Syahadat adalah rukun Islam yang pertama dan menjadi pintu masuk bagi mereka yang non-muslim ketika hendak memeluk agama Islam. Bagi mereka yang sudah muslim atau lahir dari keluarga muslim, dituntut untuk memelihara syahadatnya bahkan hingga ke anak cucu keturunannya sebagaimana yang dilakukan nabi Ibrahim.
“Dan (Ibrahim) menjadikan (kalimat tauhid) itu kalimat yang kekal pada keturunannya agar mereka kembali”. (Az Zukhruf: 28).
Seluruh manusia itu pada hakikatnya sudah menyatakan kesaksiannya (syahadat) kepada Allah Swt sejak masih di alam ruh.

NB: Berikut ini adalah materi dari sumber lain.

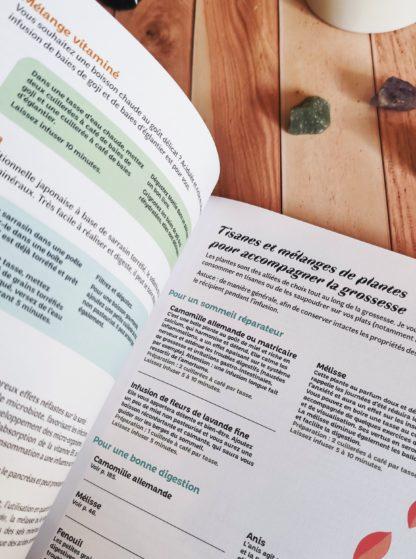 Naturopathie grossesse, post-partum et premiers mois de bébé – Image 6
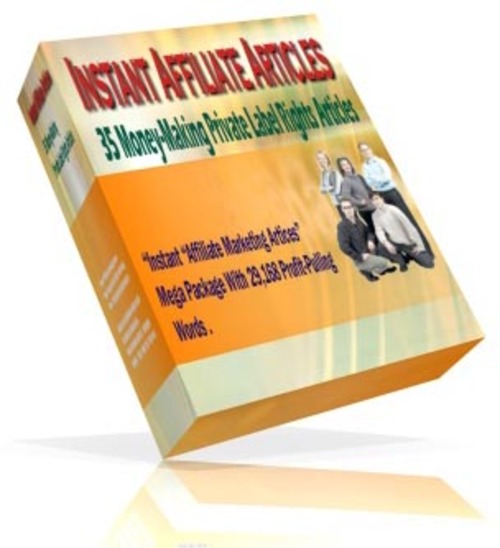 Product picture 32 Instant Affiliate Marketing PLR Articles + Website +Bonus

Kejadian menyangkut syahadat itu terekam dalam surah al A’raf ayat 72.
“Dan (ingatlah) ketika Tuhanmu mengeluarkan dari sulbi (tulang belakang) anak cucu Adam keturunan mereka dan Allah mengambil kesaksian terhadap roh mereka (seraya berfirman), “Bukankah Aku ini Tuhanmu?” Mereka menjawab, “Betul (Engkau Tuhan kami), kami bersaksi.” (Kami lakukan yang demikian itu) agar di hari Kiamat kamu tidak mengatakan, “Sesungguhnya ketika itu kami lengah terhadap ini.” (al a’raf: 172).

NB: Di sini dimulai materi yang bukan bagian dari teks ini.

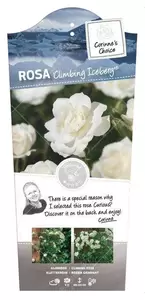 Klimroos 'Climbing Iceberg'®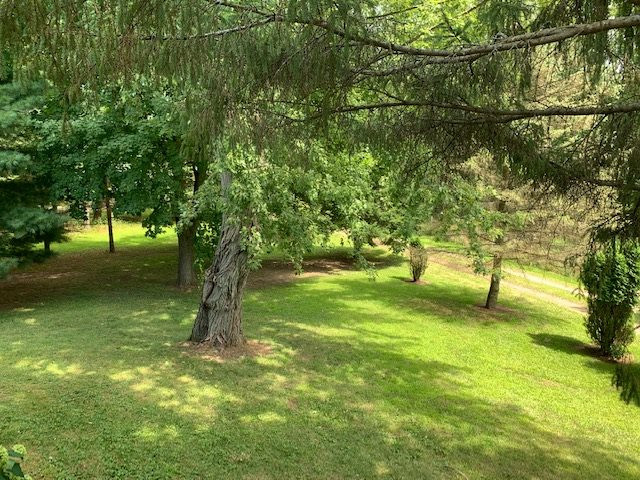 6645 East Territorial Road Munith, MI 49259 - Photo 34 of 39 Photo 34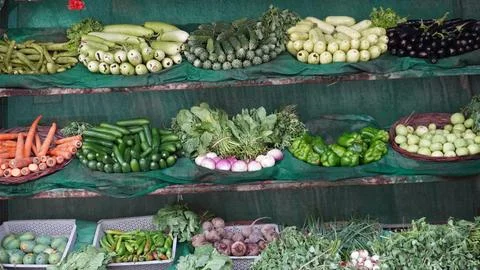 Multi tier shelf of fresh vegetables in market display Stock Photos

Secara bahasa (etimologi), syahadat berarti menetapkan, memberitahu, menjelaskan, menyaksikan dengan mata kepala atau mata hati. Sedangkan pengertian syahadat secara istilah (terminologi) adalah menetapkan di dalam hati dan mengucapkan dengan lidah agar didengar pihak lain menyangkut kepercayaannya terhadap Allah dan terhadap Nabi Muhammad Saw.

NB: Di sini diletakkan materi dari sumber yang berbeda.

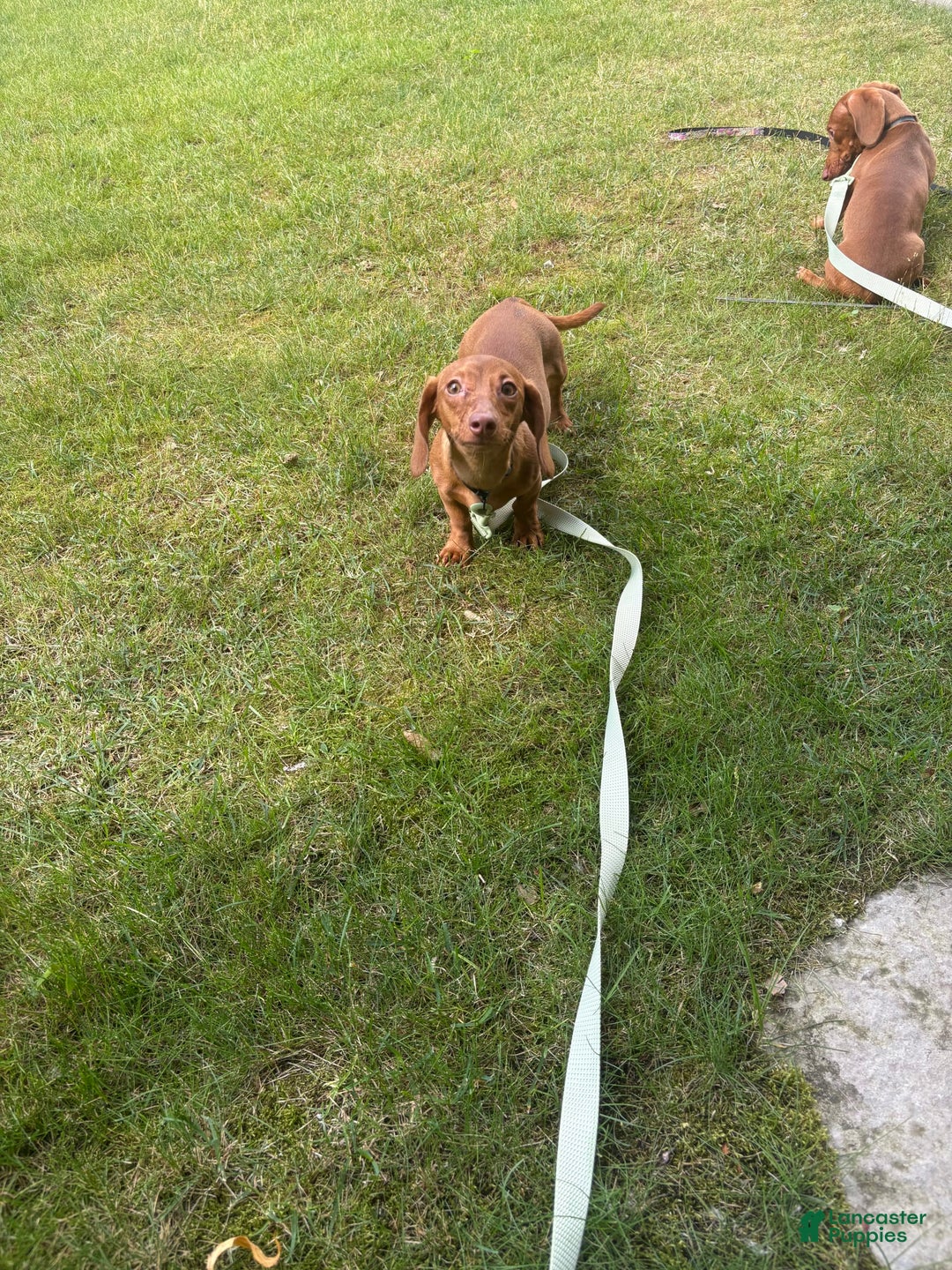Dachshund dogs for sale: Toys - Image 5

Dalam syahadat terdapat dua sisi, sisi pertama disebut dengan Syahadat Tauhid, bersaksi bahwa “Tidak ada Tuhan selain Allah”. Sisi kedua Syahadat Rasul, bersaksi bahwa “Nabi Muhammad bin Abdullah adalah utusan Allah.” Itu sebabnya ada istilah syahadatain atau dua kalimat syahadat.
Syarat Syahadat
Prof. Dr. M. Quraish Shihab, MA dalam bukunya Islam yang Saya Anut menyatakan ada tiga syarat syahadat. Pertama memiliki pengetahuan tentang makna syahadat. Kedua, menerima kesaksian itu dengan tulus disertai pembenaran hati. Ketiga, konsisten mengamalkan kandungan syahadat dan menjauhi yang bertentangan dengannya.